Goal of the exercise:
Look through the material and copy each line holding "grow".

Data section:
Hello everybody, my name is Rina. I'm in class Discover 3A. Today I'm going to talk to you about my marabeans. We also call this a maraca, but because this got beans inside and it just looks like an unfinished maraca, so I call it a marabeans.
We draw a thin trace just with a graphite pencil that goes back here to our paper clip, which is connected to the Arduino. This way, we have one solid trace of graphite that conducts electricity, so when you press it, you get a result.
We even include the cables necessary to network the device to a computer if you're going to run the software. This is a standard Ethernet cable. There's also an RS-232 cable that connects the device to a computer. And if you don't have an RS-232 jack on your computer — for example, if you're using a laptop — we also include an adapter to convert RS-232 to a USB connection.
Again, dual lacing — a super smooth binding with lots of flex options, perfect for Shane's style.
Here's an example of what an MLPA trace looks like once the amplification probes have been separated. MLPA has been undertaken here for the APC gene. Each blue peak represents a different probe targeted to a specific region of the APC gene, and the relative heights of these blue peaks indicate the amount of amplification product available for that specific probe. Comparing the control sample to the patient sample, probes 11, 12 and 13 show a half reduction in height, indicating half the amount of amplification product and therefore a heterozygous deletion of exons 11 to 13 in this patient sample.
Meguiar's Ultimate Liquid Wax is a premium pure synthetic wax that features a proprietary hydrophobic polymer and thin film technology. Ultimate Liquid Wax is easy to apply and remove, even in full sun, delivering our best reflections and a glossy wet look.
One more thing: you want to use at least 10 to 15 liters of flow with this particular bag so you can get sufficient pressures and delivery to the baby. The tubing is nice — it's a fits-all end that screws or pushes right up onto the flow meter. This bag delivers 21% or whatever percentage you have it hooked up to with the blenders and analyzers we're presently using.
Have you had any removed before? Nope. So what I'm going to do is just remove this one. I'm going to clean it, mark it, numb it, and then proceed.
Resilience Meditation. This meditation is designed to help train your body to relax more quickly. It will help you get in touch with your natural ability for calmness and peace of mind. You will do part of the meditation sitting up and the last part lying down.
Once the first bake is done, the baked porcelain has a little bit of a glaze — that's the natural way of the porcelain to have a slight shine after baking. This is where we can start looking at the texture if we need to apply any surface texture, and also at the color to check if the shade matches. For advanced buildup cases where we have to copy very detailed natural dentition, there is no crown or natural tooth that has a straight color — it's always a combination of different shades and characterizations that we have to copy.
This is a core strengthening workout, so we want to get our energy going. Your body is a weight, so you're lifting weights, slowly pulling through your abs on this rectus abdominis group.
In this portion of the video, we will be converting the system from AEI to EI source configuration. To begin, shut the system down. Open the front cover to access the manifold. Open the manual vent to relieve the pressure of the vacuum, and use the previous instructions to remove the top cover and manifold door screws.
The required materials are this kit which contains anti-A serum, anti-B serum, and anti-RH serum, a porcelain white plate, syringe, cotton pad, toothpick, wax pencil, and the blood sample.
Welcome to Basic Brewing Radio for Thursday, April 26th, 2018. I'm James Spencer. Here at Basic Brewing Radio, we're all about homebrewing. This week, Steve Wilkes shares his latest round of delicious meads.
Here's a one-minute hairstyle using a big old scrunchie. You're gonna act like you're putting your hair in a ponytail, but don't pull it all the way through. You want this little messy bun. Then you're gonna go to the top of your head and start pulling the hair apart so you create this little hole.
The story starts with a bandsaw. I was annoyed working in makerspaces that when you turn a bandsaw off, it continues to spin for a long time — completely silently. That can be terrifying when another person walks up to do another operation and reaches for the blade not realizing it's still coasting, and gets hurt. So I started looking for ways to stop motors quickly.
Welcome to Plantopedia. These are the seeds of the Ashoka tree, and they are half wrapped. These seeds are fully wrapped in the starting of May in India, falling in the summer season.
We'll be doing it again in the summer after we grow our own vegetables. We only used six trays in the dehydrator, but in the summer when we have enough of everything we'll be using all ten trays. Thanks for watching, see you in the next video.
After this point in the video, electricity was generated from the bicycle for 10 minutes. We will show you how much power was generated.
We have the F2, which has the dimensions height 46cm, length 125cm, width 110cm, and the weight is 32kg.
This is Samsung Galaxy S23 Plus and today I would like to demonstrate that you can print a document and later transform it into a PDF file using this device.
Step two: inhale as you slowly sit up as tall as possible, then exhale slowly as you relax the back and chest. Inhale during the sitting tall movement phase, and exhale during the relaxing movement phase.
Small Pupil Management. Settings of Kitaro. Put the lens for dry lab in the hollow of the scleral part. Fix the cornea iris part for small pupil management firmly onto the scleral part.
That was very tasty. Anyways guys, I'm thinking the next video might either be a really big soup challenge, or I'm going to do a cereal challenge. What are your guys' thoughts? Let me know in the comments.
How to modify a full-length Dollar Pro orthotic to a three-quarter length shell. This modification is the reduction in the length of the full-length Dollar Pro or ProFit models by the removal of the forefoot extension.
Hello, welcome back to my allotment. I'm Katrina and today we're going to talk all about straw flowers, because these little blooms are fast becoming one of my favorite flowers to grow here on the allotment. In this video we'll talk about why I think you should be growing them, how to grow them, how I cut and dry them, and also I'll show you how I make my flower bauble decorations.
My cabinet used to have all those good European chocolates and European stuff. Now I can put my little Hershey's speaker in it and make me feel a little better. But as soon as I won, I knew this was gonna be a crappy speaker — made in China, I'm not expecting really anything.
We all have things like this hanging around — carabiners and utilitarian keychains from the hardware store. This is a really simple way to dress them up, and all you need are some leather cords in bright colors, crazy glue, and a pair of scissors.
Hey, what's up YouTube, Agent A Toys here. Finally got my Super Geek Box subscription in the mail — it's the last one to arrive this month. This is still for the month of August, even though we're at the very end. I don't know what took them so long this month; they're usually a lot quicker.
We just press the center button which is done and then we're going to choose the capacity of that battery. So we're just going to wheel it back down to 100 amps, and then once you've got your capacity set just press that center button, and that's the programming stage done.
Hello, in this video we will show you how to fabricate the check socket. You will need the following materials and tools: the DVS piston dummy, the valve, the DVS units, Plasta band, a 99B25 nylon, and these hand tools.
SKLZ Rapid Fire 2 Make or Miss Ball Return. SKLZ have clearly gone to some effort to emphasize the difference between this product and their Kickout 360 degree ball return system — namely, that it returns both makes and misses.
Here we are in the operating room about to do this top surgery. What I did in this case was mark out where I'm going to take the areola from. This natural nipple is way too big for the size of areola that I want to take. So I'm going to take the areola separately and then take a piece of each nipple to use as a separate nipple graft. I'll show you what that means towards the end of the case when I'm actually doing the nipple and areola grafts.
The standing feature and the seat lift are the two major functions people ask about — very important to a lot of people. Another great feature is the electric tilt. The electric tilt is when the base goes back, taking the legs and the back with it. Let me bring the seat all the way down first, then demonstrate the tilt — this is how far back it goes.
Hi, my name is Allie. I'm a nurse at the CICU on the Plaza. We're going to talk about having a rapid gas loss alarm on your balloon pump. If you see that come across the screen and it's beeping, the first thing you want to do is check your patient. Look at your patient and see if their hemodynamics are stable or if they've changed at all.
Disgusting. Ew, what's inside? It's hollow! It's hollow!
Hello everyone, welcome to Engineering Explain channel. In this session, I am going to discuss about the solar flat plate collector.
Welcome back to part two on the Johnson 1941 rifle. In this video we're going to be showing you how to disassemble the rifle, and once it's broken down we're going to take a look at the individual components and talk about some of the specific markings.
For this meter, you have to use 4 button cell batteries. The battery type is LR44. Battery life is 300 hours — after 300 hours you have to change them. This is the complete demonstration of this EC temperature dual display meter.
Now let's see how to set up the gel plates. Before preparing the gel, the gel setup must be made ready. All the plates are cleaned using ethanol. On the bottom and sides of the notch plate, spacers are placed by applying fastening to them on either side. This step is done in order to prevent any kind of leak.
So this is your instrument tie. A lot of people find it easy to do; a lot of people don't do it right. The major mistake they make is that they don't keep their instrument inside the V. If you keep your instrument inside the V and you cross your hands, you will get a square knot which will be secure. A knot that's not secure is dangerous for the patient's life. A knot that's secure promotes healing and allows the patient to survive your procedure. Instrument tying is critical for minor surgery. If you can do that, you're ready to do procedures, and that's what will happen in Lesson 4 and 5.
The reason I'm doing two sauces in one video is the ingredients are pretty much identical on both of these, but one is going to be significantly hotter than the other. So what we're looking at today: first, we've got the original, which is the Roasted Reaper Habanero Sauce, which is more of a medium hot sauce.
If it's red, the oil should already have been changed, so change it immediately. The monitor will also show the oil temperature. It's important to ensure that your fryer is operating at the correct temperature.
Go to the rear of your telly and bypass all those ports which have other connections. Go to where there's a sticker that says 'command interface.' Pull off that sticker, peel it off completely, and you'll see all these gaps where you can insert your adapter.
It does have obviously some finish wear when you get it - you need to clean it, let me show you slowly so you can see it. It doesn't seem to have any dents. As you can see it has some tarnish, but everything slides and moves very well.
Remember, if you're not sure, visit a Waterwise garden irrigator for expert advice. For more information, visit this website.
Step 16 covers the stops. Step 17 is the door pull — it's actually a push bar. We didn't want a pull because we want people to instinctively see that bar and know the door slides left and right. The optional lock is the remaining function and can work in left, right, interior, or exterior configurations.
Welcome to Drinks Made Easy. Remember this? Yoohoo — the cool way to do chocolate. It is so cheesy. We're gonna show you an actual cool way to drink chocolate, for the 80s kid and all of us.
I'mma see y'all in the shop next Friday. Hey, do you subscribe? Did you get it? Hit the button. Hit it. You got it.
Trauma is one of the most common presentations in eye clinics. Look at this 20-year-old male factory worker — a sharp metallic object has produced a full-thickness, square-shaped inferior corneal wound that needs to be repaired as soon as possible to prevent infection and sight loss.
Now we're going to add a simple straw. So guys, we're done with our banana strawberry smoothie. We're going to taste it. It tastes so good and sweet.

Task solution:
We'll be doing it again in the summer after we grow our own vegetables. We only used six trays in the dehydrator, but in the summer when we have enough of everything we'll be using all ten trays. Thanks for watching, see you in the next video.
Hello, welcome back to my allotment. I'm Katrina and today we're going to talk all about straw flowers, because these little blooms are fast becoming one of my favorite flowers to grow here on the allotment. In this video we'll talk about why I think you should be growing them, how to grow them, how I cut and dry them, and also I'll show you how I make my flower bauble decorations.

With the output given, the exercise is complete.